Tidyverse is a collection of R (programming language) packages which were designed to work together. This makes for a nice and consistent UX. Three of the big packages are dplyr (pronounced d-plier like pliers the tool; d stands for data), tidyr, and ggplot2.

dplyr allows for slicing and dicing data frames nicely. It has SQL-like capabilities and some of the functions are named similarly.

  • select allows picking which columns of the data frame to operate on
  • filter removes some items from the set like a sql WHERE clause
  • arrange does sorting
  • mutate allows creating new variables from others
  • summarize function (also summarise ) is like a reducer to get down to a single value
  • across lets you apply a function over multiple columns

It will also let you join together data with left, right, full and inner joins.

tidyr lets you tidy data. It provides facilities to go from a wide data format to a long one (pivot_longer) and vice versa (pivot_wider) which is helpful for different visualization tools.It also lets you clean up underlying data types with things like fill, drop_na and replace_na.

ggplot2 is apparently one of the best data visualization libraries in any programming language. It’s based off of Leland Wilkinson’s Grammer of Graphics.

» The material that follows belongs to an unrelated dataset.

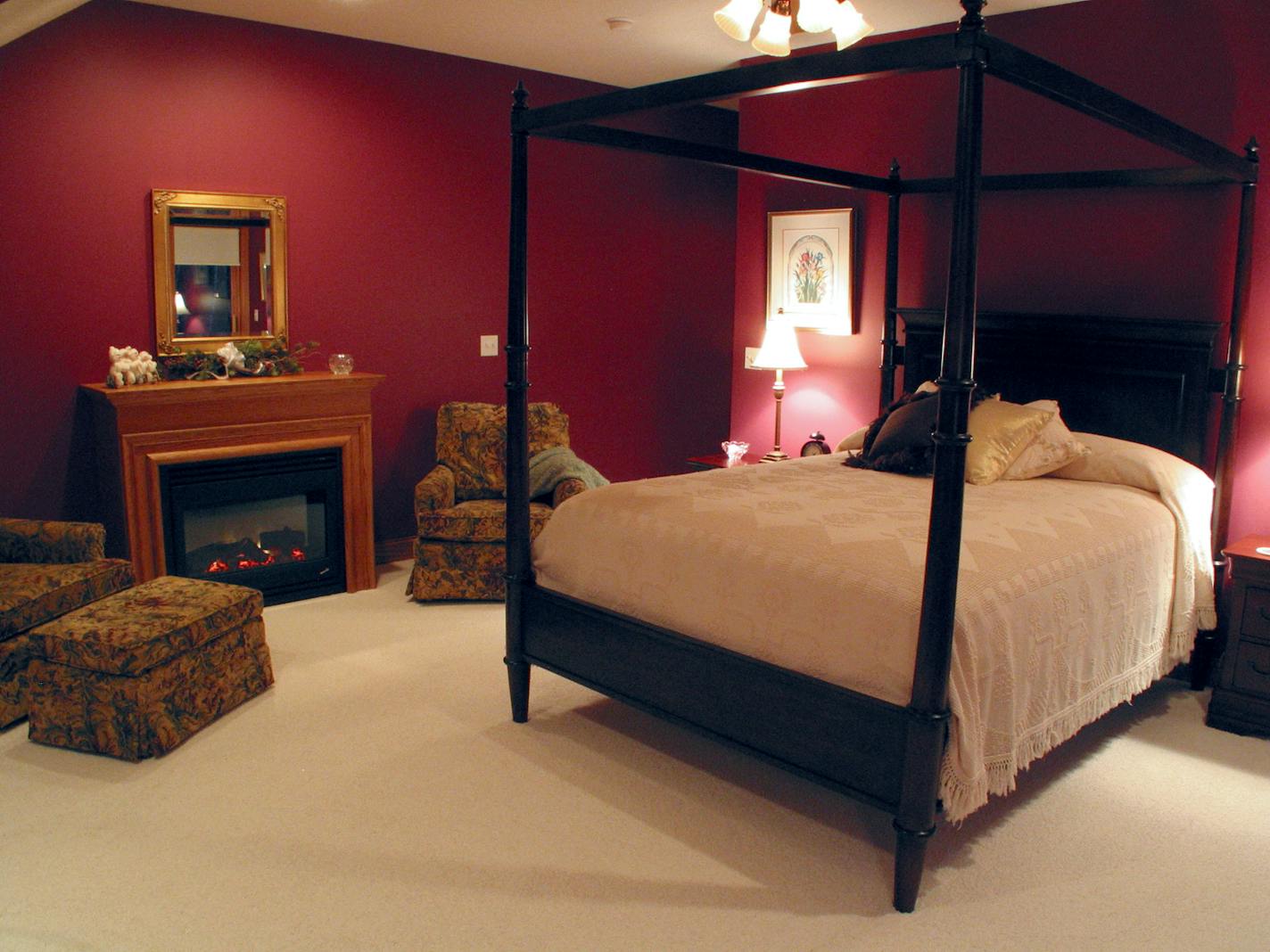 An interior view of the " Winterberry room' at the Woodland Trails B & B in Hinkley, MN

In his paper on it, ggplot2 author Hadley Wickham said:

A grammar of graphics is a tool that enables us to concisely describe the components of a graphic. Such a grammar allows us to move beyond named graphics (e.g., the “scat- terplot”) and gain insight into the deep structure that underlies statistical graphics.

The approach uses coordinate systems and different layers built up from different elements. This allows for a variety of benefits. The layers provide modularity. You can compose them together, which makes for easy to build plots incrementally. The layers also provide a consistent interface to perform operations against.